All of this is gradually creeping into our social consciousness and our language. At a recent Beall’s fashion event, someone proclaimed “frugality is the new black” of the fashion world.

And it isn’t just the middle class that’s changing its tune. I’ve seen several examples including a story about a New York socialite who spent the day shopping, only to return everything the next day in a feeling of remorse and repentence.

“It just didn’t feel right considering the way everything is going these days,” she said.

Wow, a shopaholic with a conscience.

But will this temporary change in our ways be a lasting break of old bad habits? A switch from the overindulgent consumerism many of us seemed to revel in, to more spartan and often healthier ways?

Tim Kasser, a professor of psychology at Knox College in Illinois, says people who have attempted to live self-sufficiently and frugally are focused on plain living and high thinking. That was the case in the Depression and World War II, and with certain subcultures like the Puritans and the hippies.

I recently spent my birthday in the small North Florida town of Micanopy, population 653. This is a big change from my usual extravagant out-of-state birthday celebrations, so when I suggested it, my husband thought I was a little crazy.

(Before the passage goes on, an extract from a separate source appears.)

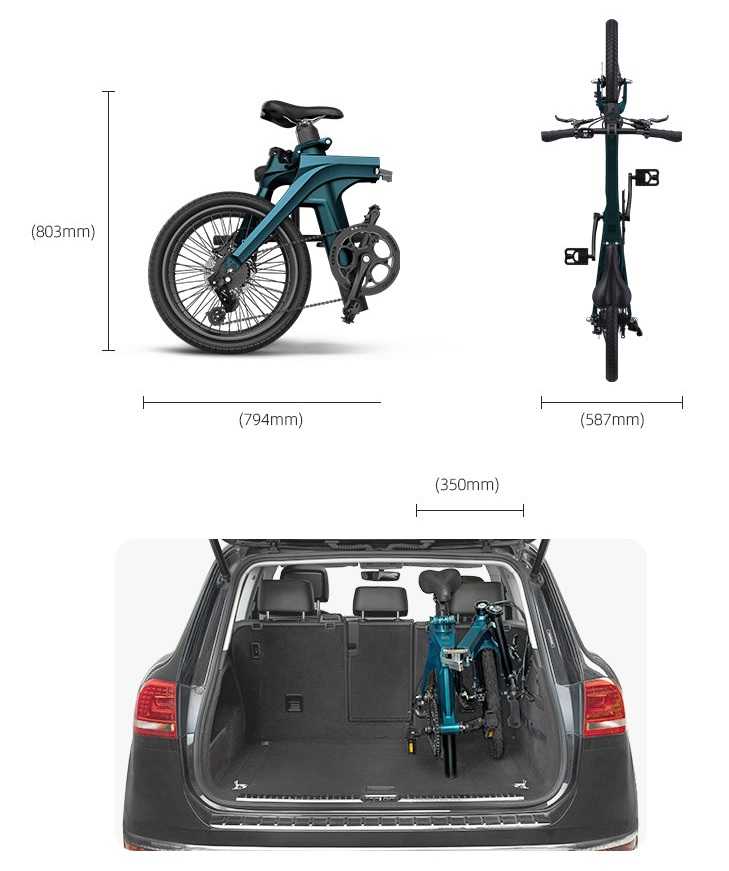 Fiido X 2022: Nouvelle version du vélo électrique pliable (nouveautés et prix cassé) 7 Fiido X 2022 Velo Electrique Pliable Dimension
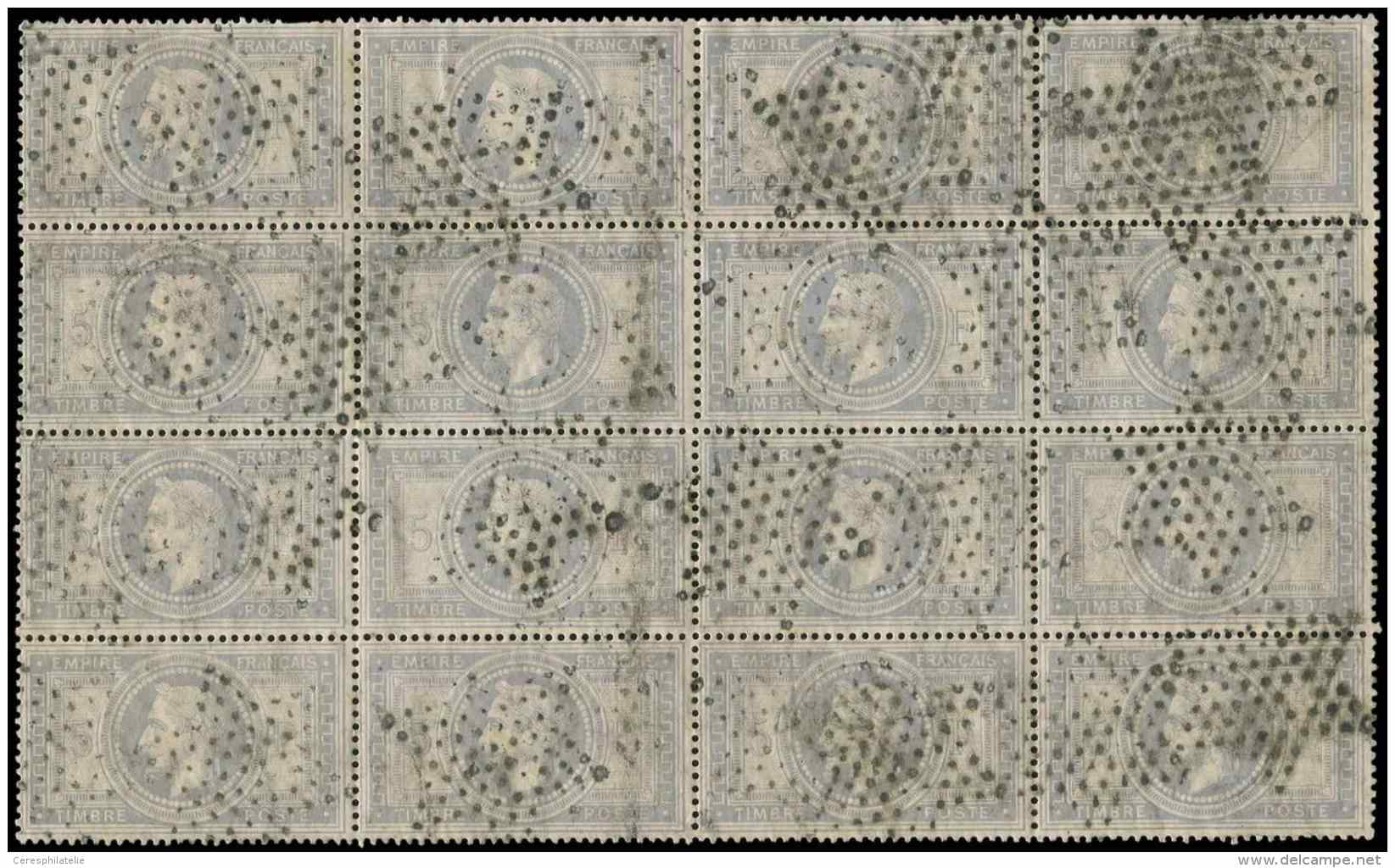 33    5f. Violet-gris, BLOC De 16 Obl. ETOILE, 2 D.c. Sur 1er T., Trou D'&eacute;pingle S. Le 2e, Pi&egrave;ce EXCEPTION - Autres & Non Classés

But the appeal was the thought of going back to basics, eliminating the stress and turmoil all around us today and slipping back in time. In fact, the town’s unofficial motto is “The Town Time Forgot.”

Kasser says it remains to be seen whether the changes going on in society today are just temporary behaviorial shifts or whether they will translate into a collective shift in values.

“We know from research and experience that feelings of insecurity get more focused on money,” he said. “People become more materialistic and less generous.”

A value shift occurs when people, when going through traumatic times, reflect on that trauma and realize they need a new value system, Kasser says.

So whether eating dinner at home with the family more often will mean a deeper appreciation of family all depends on how people internalize the event. Will people stop to consider that the changes they have made may have started because they had less money, but really became change agents that showed them a way back to a better way to live? Or will they rush right back to their favorite restaurant when money starts flowing again, giving up that pizza at home with the kids?

“This is an opportunity to look at what is more meaningful in life and whether all that was really satisfying for me,” Kasser said. Considering the U.S. is often described as a materialistic, consumer-oriented society, it might be optimistic to expect a value change.

But I’m hoping my trip back to Micanopy was more about believing that doing things with my husband on my birthday is the most important thing about celebrating it.

I hope we can look for a deeper meaning behind our actions and break those bad habits.